• In a bouquet, use foliage from flowers such as tulips.
• Set out several small, identical bouquets on a table.
• Pin a flower or small bunch onto the back of each chair.
• If your table is large, place one big bouquet (no more than 12 inches/30 centimetres high) in the centre and then arrange smaller bouquets all around the table.
• Display tall arrangements on serving or buffet tables.
• Avoid heavily scented flowers, which interfere with the aromas of food and wine.
• To ensure visual symmetry, avoid placing round arrangements on rectangular tables and, conversely, square or rectangular arrangements on round tables.
Catherine Guilloteau makes sense of the formal table.
• If forks are arranged in the French manner, with the tines turned down, don't use a delicate tablecloth or one with eyelets.
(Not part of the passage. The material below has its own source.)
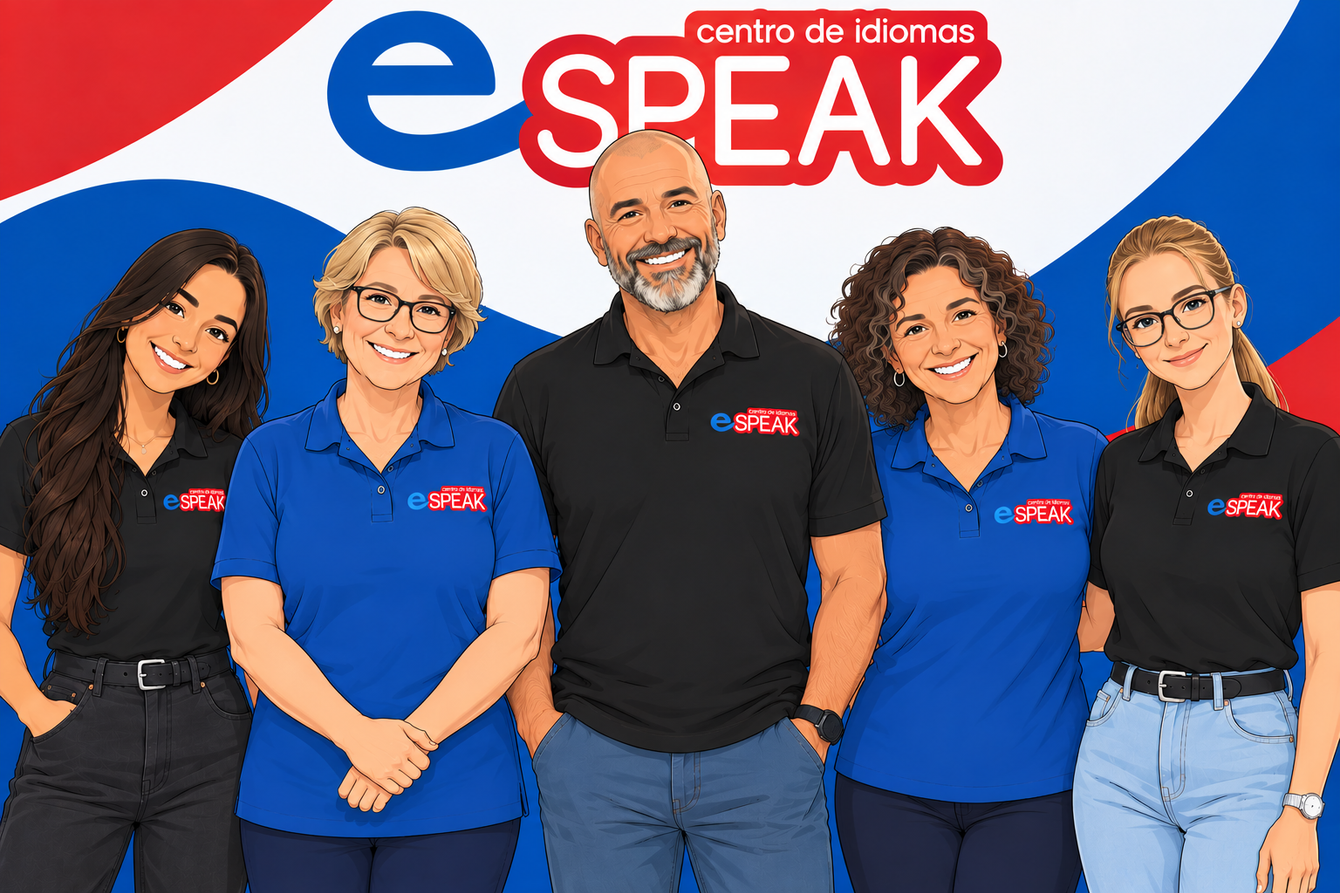 Cinco empleados sonrientes de eSpeak con polos azules y negros posando sobre un fondo blanco.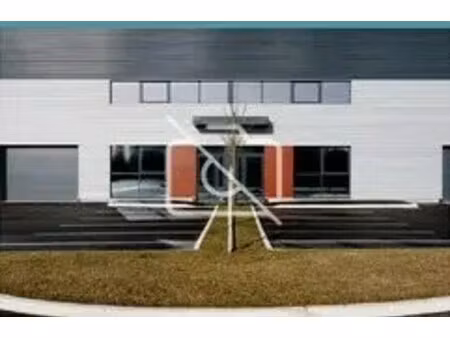 location entrepôt 756 m²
• For a formal or semi-formal reception, put out a fork for the appetizer, a second one for salad and a third for the main course, along with a knife for the main course and a butter knife. Arrange them in the order of use, starting from the outside and working in. Don't put more than three utensils on each side. You want to make your guests feel welcome, not scare them with an overwhelming amount of cutlery.
• Cheese and dessert forks don't generally appear on the table during a formal dinner. Bring them out with the cheese plate or dessert.
• If you put out a single fork and knife per guest and you serve fish as a first course, change the cutlery for subsequent meat courses.
• Lettuce should not be cut with a knife, though you can use one to fold it.
• Silver washes well in a dishwasher; however, be careful not to mix it with stainless steel. Wash them in separate baskets.